Robust adaptive unscented Kalman filter and its application in initial alignment for body frame velocity aided strapdown inertial navigation system

Rev Sci Instrum. 2018 Nov;89(11):115102. doi: 10.1063/1.5046760.

Abstract

In the in-motion alignment of a strapdown inertial navigation system (SINS), the unscented Kalman filter (UKF) is usually used to solve non-linear problems. The measurement noise covariance R has a direct influence on the filtering results of the alignment of the SINS. The measurement noise is assumed to follow Gaussian distribution with a constant covariance R . However, these assumptions are often not realistic, neither the Gaussianity nor the constant covariance. This will degrade the performance of the UKF. To solve this problem, this paper proposes a novel adaptive robust UKF (NARUKF). In the NARUKF, a sliding window is used in estimating the covariance R in real-time.
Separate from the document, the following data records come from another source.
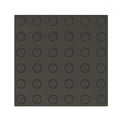 Round Studs Black 14.6cm x 14.6cm Floor Tile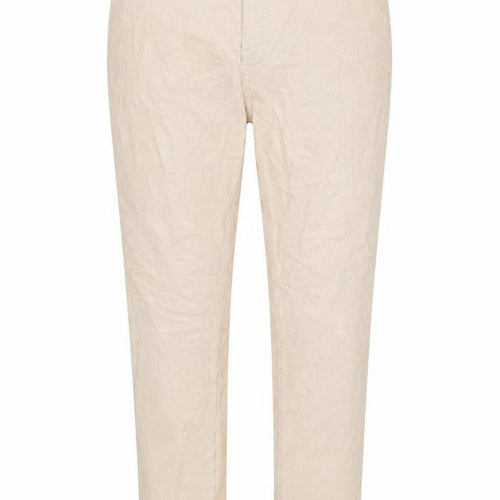 Marks & Spencer Women Beige Corduroy Straight Trousers UK 18 Regular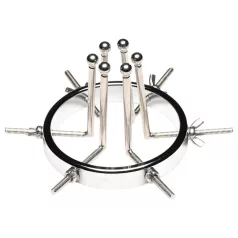   XR Brands Oculus - διαστολέας πρωκτού - ανοξείδωτο ατσάλι - ασημί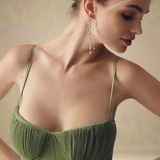 Jasira – Rochie de Damă Plisată Midi Elegantă Romantică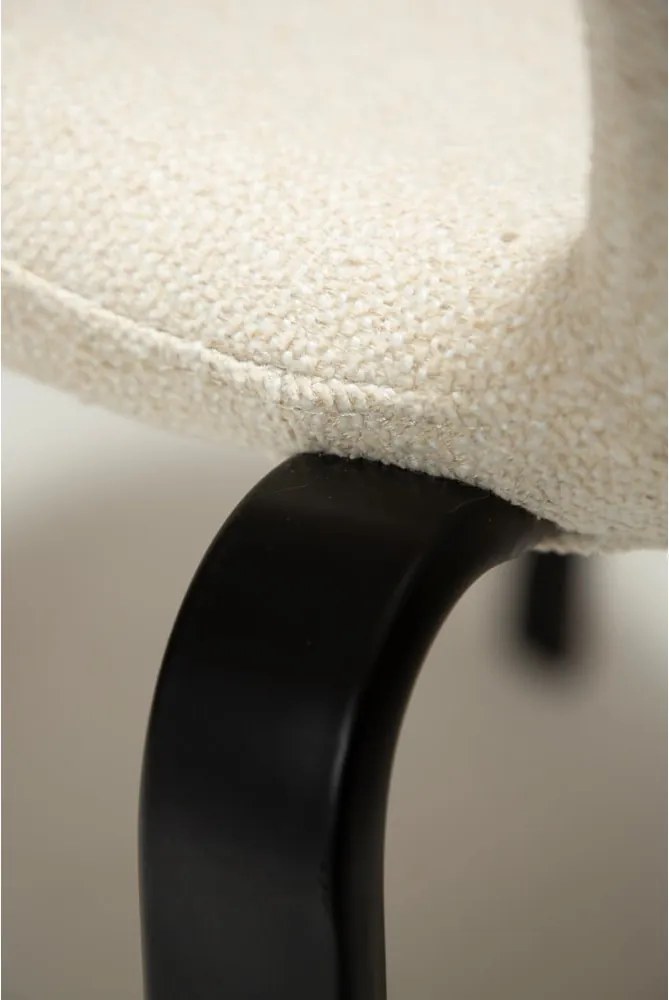 Krémszínű kárpitozott étkezőszék Heap – DAN-FORM Denmark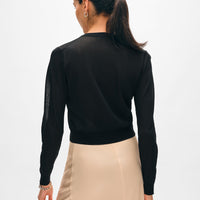 Paperfine Crewneck Cardigan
The NARUKF is divided into three main steps, the first step is to use the Mahalanobis distance algorithm to robustify the UKF. The second step is to use the projection statistics algorithm to reweight the abnormal stored innovations. Finally, the covariance R is adaptively estimated. The simulation and experimental results for the problem of the body frame velocity aided SINS in-motion alignment under heavier-tail distribution and/or outlier conditions demonstrate the superiority of the proposed method over the traditional ones.